The entries below must be repeated exactly. None may be skipped.

(INPUT RECORDS begins)

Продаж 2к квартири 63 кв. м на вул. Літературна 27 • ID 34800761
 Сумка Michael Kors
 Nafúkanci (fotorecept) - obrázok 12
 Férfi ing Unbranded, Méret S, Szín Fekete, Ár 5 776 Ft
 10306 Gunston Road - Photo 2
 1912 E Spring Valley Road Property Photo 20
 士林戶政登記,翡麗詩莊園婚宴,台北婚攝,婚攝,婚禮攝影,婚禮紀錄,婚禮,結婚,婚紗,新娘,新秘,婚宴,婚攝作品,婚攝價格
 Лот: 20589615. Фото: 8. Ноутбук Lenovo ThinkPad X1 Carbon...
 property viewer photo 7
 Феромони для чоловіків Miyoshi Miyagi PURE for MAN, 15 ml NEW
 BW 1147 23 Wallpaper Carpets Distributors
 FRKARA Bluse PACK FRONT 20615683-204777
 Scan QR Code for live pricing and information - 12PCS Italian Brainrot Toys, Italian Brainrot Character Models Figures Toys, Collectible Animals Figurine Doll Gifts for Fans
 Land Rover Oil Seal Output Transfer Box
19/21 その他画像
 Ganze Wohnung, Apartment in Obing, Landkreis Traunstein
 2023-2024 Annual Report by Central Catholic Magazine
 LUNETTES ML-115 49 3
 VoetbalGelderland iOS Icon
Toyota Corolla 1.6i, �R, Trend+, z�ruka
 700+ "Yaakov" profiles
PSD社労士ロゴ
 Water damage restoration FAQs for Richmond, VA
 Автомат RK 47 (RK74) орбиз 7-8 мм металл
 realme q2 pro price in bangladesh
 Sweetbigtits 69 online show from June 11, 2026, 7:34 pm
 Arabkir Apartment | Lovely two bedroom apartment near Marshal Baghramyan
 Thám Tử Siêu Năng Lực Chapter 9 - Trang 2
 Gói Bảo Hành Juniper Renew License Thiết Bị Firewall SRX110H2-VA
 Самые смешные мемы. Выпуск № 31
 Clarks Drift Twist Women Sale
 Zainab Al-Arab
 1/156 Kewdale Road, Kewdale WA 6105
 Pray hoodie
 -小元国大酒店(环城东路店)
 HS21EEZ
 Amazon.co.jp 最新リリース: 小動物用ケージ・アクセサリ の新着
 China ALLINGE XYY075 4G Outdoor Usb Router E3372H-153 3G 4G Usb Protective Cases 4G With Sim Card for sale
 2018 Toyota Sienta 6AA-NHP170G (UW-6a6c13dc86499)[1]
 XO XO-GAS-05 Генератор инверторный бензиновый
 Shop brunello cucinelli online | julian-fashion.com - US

(INPUT RECORDS ends)

• ANSWER SPACE:
Продаж 2к квартири 63 кв. м на вул. Літературна 27 • ID 34800761
 Сумка Michael Kors
 Nafúkanci (fotorecept) - obrázok 12
 Férfi ing Unbranded, Méret S, Szín Fekete, Ár 5 776 Ft
 10306 Gunston Road - Photo 2
 1912 E Spring Valley Road Property Photo 20
 士林戶政登記,翡麗詩莊園婚宴,台北婚攝,婚攝,婚禮攝影,婚禮紀錄,婚禮,結婚,婚紗,新娘,新秘,婚宴,婚攝作品,婚攝價格
 Лот: 20589615. Фото: 8. Ноутбук Lenovo ThinkPad X1 Carbon...
 property viewer photo 7
 Феромони для чоловіків Miyoshi Miyagi PURE for MAN, 15 ml NEW
 BW 1147 23 Wallpaper Carpets Distributors
 FRKARA Bluse PACK FRONT 20615683-204777
 Scan QR Code for live pricing and information - 12PCS Italian Brainrot Toys, Italian Brainrot Character Models Figures Toys, Collectible Animals Figurine Doll Gifts for Fans
 Land Rover Oil Seal Output Transfer Box
19/21 その他画像
 Ganze Wohnung, Apartment in Obing, Landkreis Traunstein
 2023-2024 Annual Report by Central Catholic Magazine
 LUNETTES ML-115 49 3
 VoetbalGelderland iOS Icon
Toyota Corolla 1.6i, �R, Trend+, z�ruka
 700+ "Yaakov" profiles
PSD社労士ロゴ
 Water damage restoration FAQs for Richmond, VA
 Автомат RK 47 (RK74) орбиз 7-8 мм металл
 realme q2 pro price in bangladesh
 Sweetbigtits 69 online show from June 11, 2026, 7:34 pm
 Arabkir Apartment | Lovely two bedroom apartment near Marshal Baghramyan
 Thám Tử Siêu Năng Lực Chapter 9 - Trang 2
 Gói Bảo Hành Juniper Renew License Thiết Bị Firewall SRX110H2-VA
 Самые смешные мемы. Выпуск № 31
 Clarks Drift Twist Women Sale
 Zainab Al-Arab
 1/156 Kewdale Road, Kewdale WA 6105
 Pray hoodie
 -小元国大酒店(环城东路店)
 HS21EEZ
 Amazon.co.jp 最新リリース: 小動物用ケージ・アクセサリ の新着
 China ALLINGE XYY075 4G Outdoor Usb Router E3372H-153 3G 4G Usb Protective Cases 4G With Sim Card for sale
 2018 Toyota Sienta 6AA-NHP170G (UW-6a6c13dc86499)[1]
 XO XO-GAS-05 Генератор инверторный бензиновый
 Shop brunello cucinelli online | julian-fashion.com - US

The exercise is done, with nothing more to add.